蔡婳用給他注公羊的蠅頭小楷,娟秀筆跡,在竹影紙上寫了一句詩。
“齊紈未足人間貴,一曲菱歌敵萬金。”
趙擎皺起眉頭,有些疑惑。
他不是正經舉業文章出身,在書上算不得頂頂精通。后面進了聽宣處,諸事繁忙,更不怎么作詩詞游戲了。京中曲水流觴,酒令詩謎,他也無暇參與。
蔡婳退回禮物,他最開始是覺得也許自己會錯了意,她退回是要避嫌,拿自己當逾規的長輩,之前種種,不過是不敢拒絕他罷了。

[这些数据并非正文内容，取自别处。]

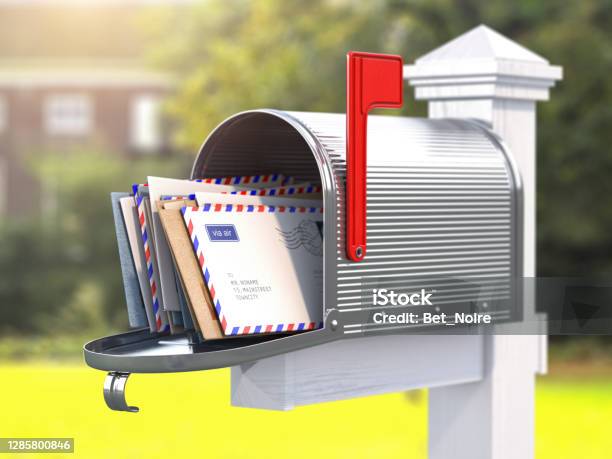 Open Mailbox With Letters On Rural Backgound Stock Photo - Download Image Now - Mail, Mailbox, Letter - Document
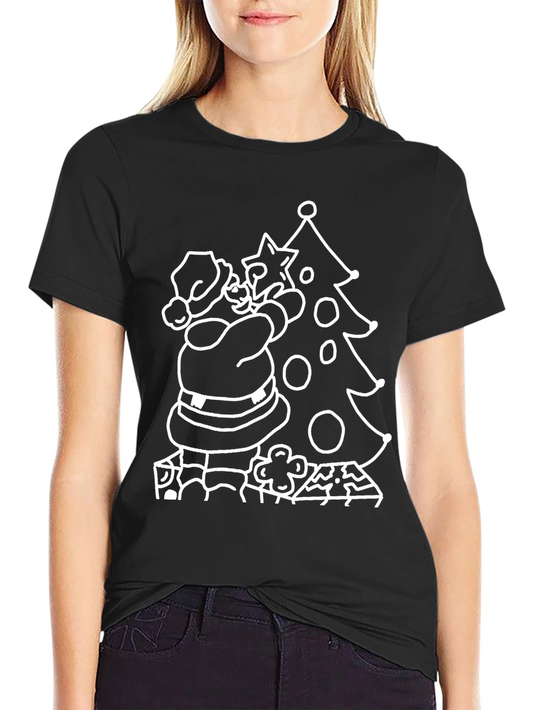 Festive Santa Christmas Tree Black T-Shirt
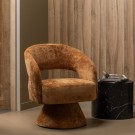 WOOOD EBBA SWIVEL ARMCHAIR IN CHENILLE FABRIC -  TERRA thumbnail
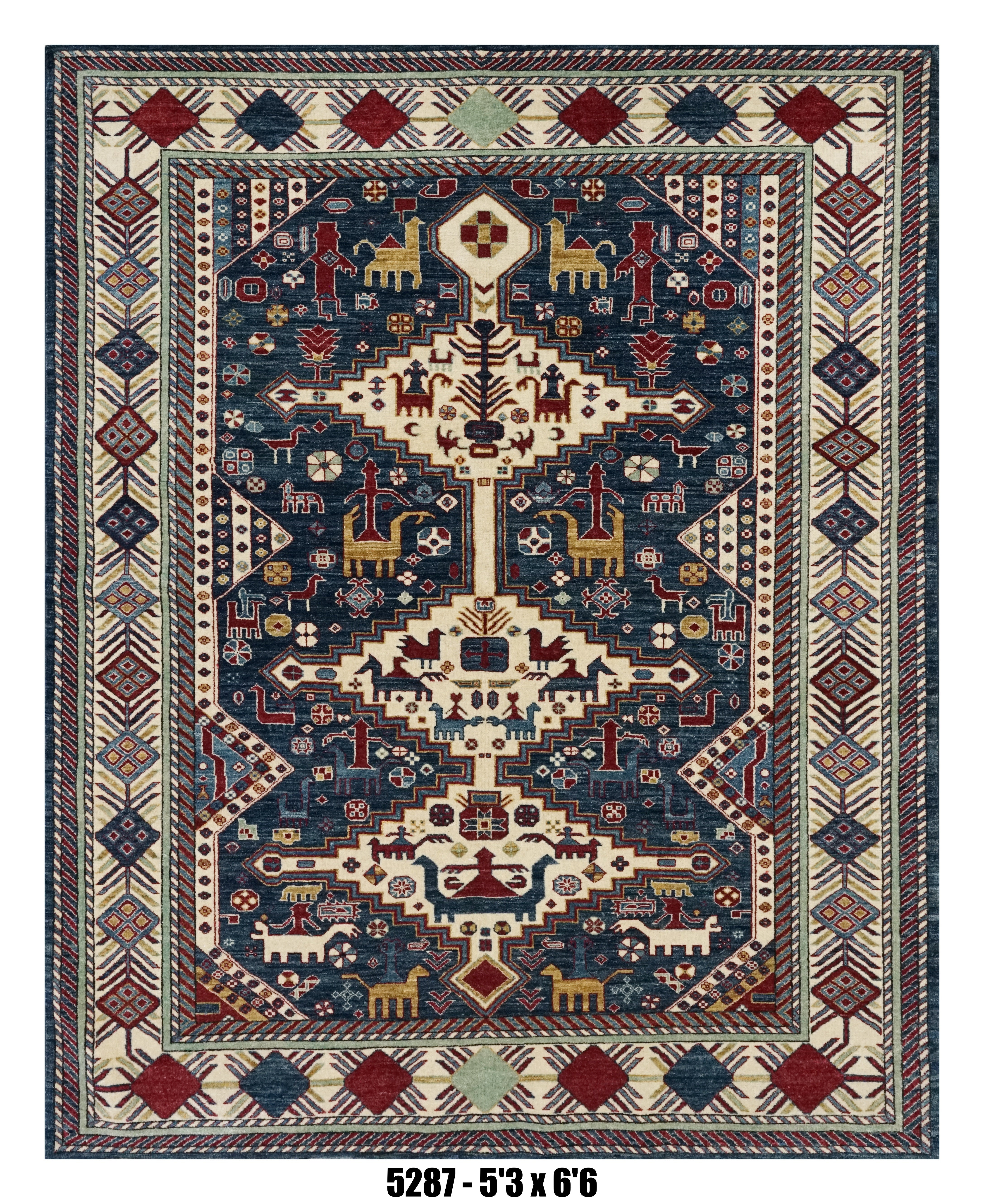 Handmade Afghan Rug — 5x7-8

所以有些惱怒,等到見了這句詩,才知道里面另有隱情。
但是什么隱情呢他一時也猜不透。但心情卻沒那么壞了,叫了句“元駒”。
元駒連忙湊過來,見自家主子臉上神情不壞,頓時心中一輕。
“去,打聽下婁家的事。”趙擎半閉著眼,揉著額側道。
元駒臉上頓時露出笑容來,知道自己逃過一劫了。
“得令。”他賣弄才干道“
主子等我的好消息吧。”
元駒的消息回來,已經是第二天的晚上了ツ,他有他的門路,又有趙擎的授意,自然是無往不利,消息一探出來,不等第二天,就匆匆趕到聽宣處報信,趙擎正在聽宣處值班,連飯都是擺在聽宣處的偏廳里的,元駒跪在地上,把事情來龍去脈細細說了,趙擎也有些驚訝,對婁家有些刮目相看。

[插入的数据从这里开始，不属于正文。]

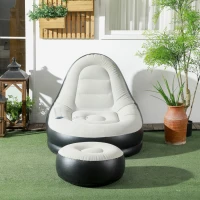 Outsunny Canapé gonflable et repose-pieds, tissu aspect peluche doux et porte-gobelet, gris(m-10)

他雖然諸事繁忙,但畢竟是姻親,也跟婁家二房打過照面,印象中婁二爺是個老書生的性格,悶聲悶氣,婁二奶奶又過分精明了點,近乎市儈,對于大女兒和趙景結親這事,過分熱情了,有點攀龍附鳳的意思。這種性格的人官場上趙擎也見得多了,所以并不在意,對婁家那些女兒的印象,也只有其中一個好像是蔡婳朋友沒想到還另有一段故事。
說來也巧。偏偏晚上就有公事,圣上垂詢,問一件關乎黃河隘口的事,因為身邊沒有得用的近臣,就讓捕雀處的賀云章賀大人跑了一趟,小賀大人最近正得盛寵,都說官家待他如同自家子侄,也有傳言說要封侯的。
賀大人是戌時到的,天色已經黑透,他帶著捕雀處的人匆匆來,宣了官家的口諭,趙擎讓人找了官家要的文書,文書冗雜,要費些功夫。
賀云章全程都不進聽宣處的門,就站在檐下,手中馬鞭都沒放下,冷著臉看外面的夜色。
其實趙擎平素確實和他沒什么交情,趙賀兩家的恩怨倒在其次,主要都是御前供奉的近臣,私下來往不太好,朝臣最忌結黨營私,都做到這位置了,這點揣摩上意的本事還是有的。
但近幾天確實有點過于冷淡了。換了以前,至少表面上和氣是有的。
趙擎明白究竟,心中想笑,并不多說,只是看著人找了文書出來,交給捕雀處的人,眼看著賀云章也過來交接了,才不緊不慢地道“賀大人留步。”
“趙大人有事”賀云章淡淡問。
探花郎平時也是冷面,但今天是特別冷。趙擎知道背后原因,只是想笑。
“聽說賀大人學問好,有句詩謎想請教一下。”
“不敢。”賀云章神色淡淡“我學問平常,怎么敢在趙大人面前班門弄斧。”
他話雖這樣說,人卻沒有動,顯然以為趙擎要問的是公事,畢竟公事為重,大家都是為官家辦事,要真有趙擎也解不開的難題,提前和捕雀處知會一聲,也是他趙擎的好意。
趙擎其實以前也和他沒什么往來,只知道是年輕后輩,學問高,武藝好,官家看重,后生可畏。如今看他耐著心中的不悅,還留下來替自己解惑,確實是個沉穩的性子。